Using the entries that follow, transcribe only the lines from the line with "Una foto de" to the line with "Reluna™ Original Sculptseam®", both included, exactly as they stand and without pictures.

> _EXERCISE DATA_
^^^^^^^^^^^^^^^^

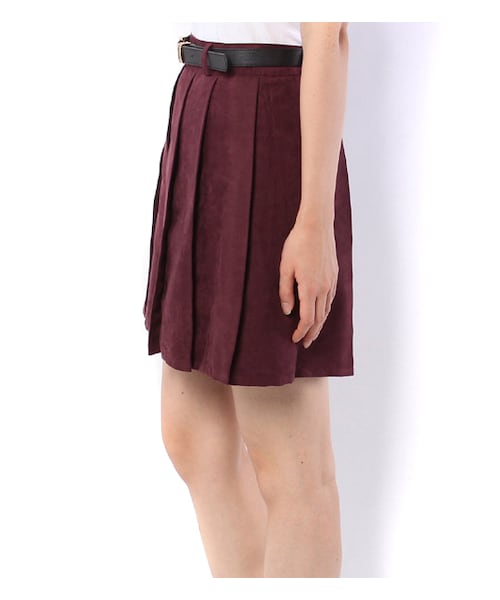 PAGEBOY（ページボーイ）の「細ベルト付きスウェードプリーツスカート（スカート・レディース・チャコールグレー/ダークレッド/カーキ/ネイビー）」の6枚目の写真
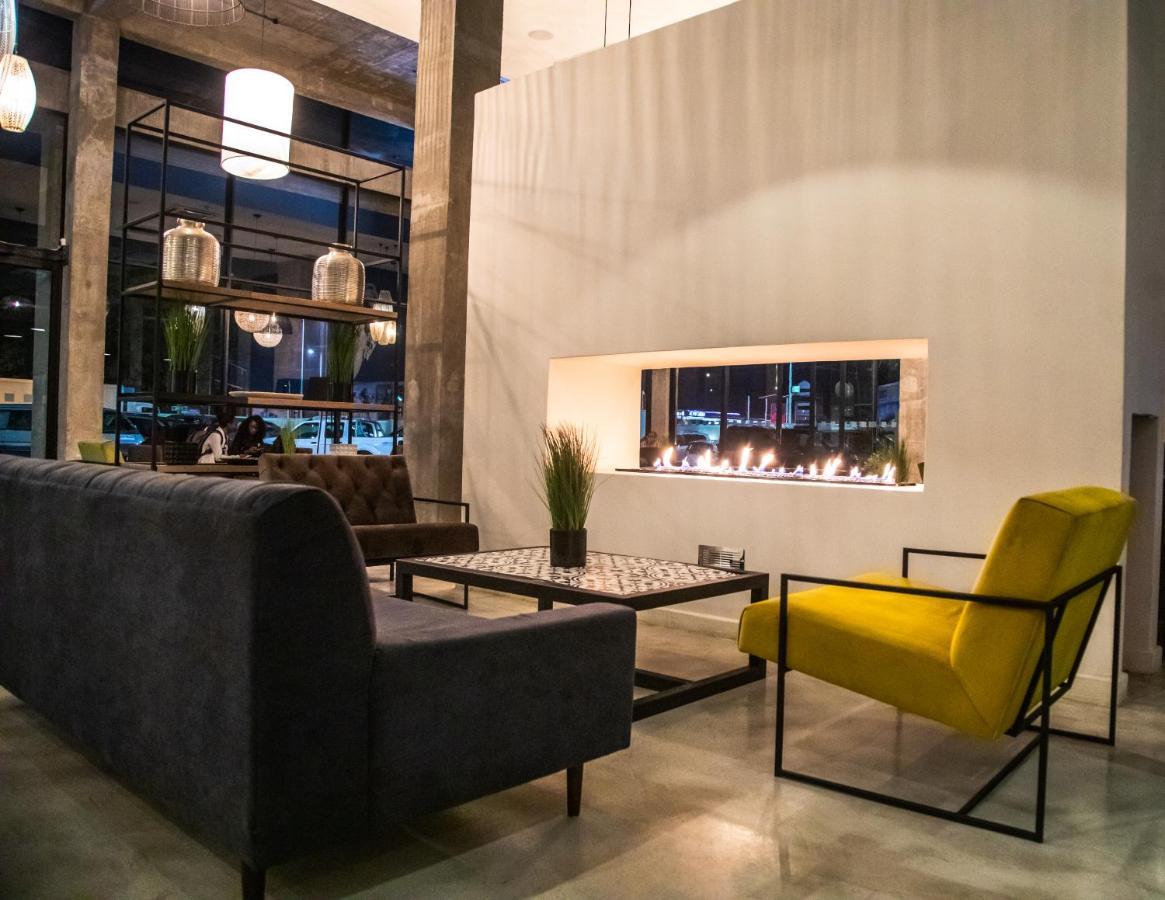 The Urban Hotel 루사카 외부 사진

^^^^^^^^^^^^^^^^

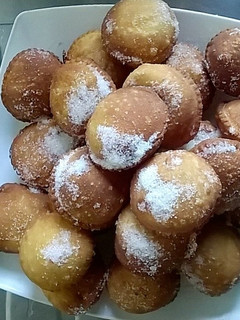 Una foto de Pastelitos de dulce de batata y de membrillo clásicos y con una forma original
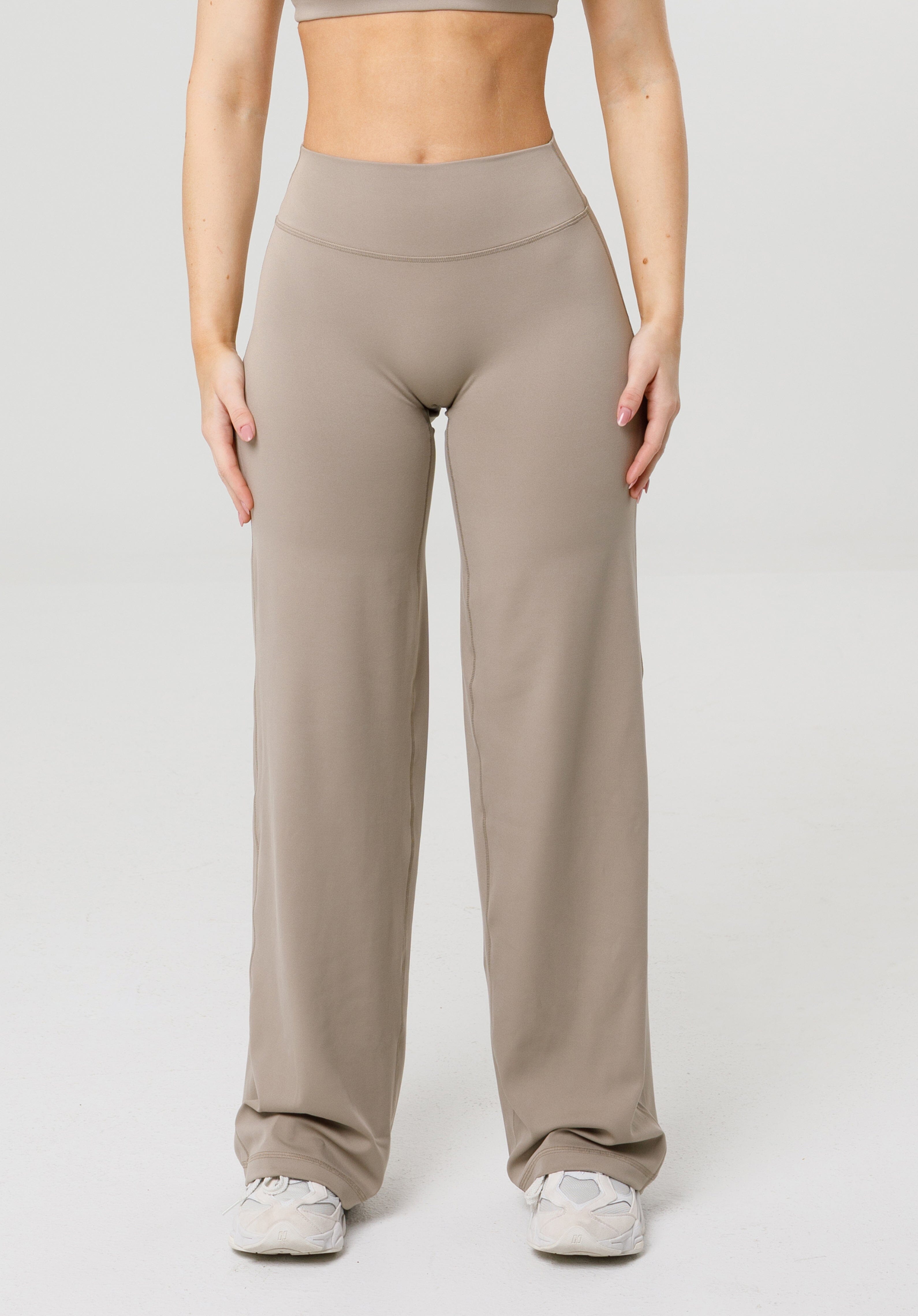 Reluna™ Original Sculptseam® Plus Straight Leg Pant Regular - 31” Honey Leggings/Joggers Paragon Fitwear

^^^^^^^^^^^^^^^^

> _REPLY_
 Una foto de Pastelitos de dulce de batata y de membrillo clásicos y con una forma original
 Reluna™ Original Sculptseam® Plus Straight Leg Pant Regular - 31” Honey Leggings/Joggers Paragon Fitwear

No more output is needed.